Move over J.K. Rowling and Harry Potter. Meet Cinda Chima and Jack Swift. As a lifelong reader of fantasy and self-described “Lord of the Rings nerd “ – she even has a song from the movie as the ringtone on her cell phone – Chima never thought she’d do much more than read fantasy novels for most of her life. She’s a resident of Strongsville and a dietician by training, currently on the faculty at the University of Akron, and may be familiar to adult readers as a regular contributor to The Plain Dealer’s Wednesday Taste section.
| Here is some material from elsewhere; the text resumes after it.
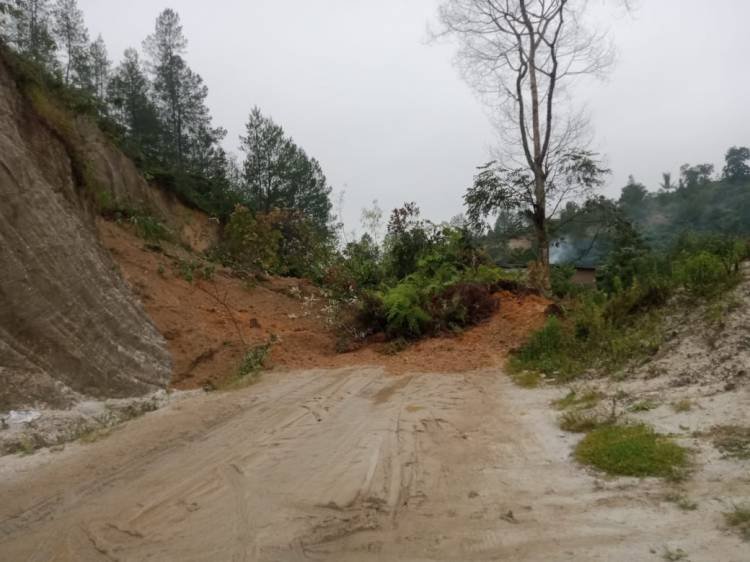 Tanah Longsor, Arus Lalulintas Siborongborong - Sipahutar Terganggu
But despite a busy career, a family (Chima’s two sons are now 19 and 22) and a steady non-fiction writing gig, Chima decided in 2001 to try her hand at writing her own young-adult fantasy novel. “I was totally ignorant of what was involved. I had no training, I was just an avid fantasy reader,” she says. The result of that headlong effort was 2006’s “The Warrior Heir,” published by Hyperion Books for Children and now available in paperback. It’s the present-day story of Jack Swift, a high-schooler from Trinity, Ohio (modeled after Oberlin) who discovers that he’s the last of a dying breed of Warrior Heirs and must fight for his life against evil wizards.
Chima’s follow-up effort, “The Wizard Heir,” was released this May, and the third book in the series, “The Dragon Heir,” is due out in 2008. When she visits schools and libraries in Northeast Ohio to talk with young readers, she says they express appreciation for the familiar settings of her books – including characters visiting Cedar Point and battling wizards over Lake Erie – which stand in contrast to the medieval castles of Harry Potter.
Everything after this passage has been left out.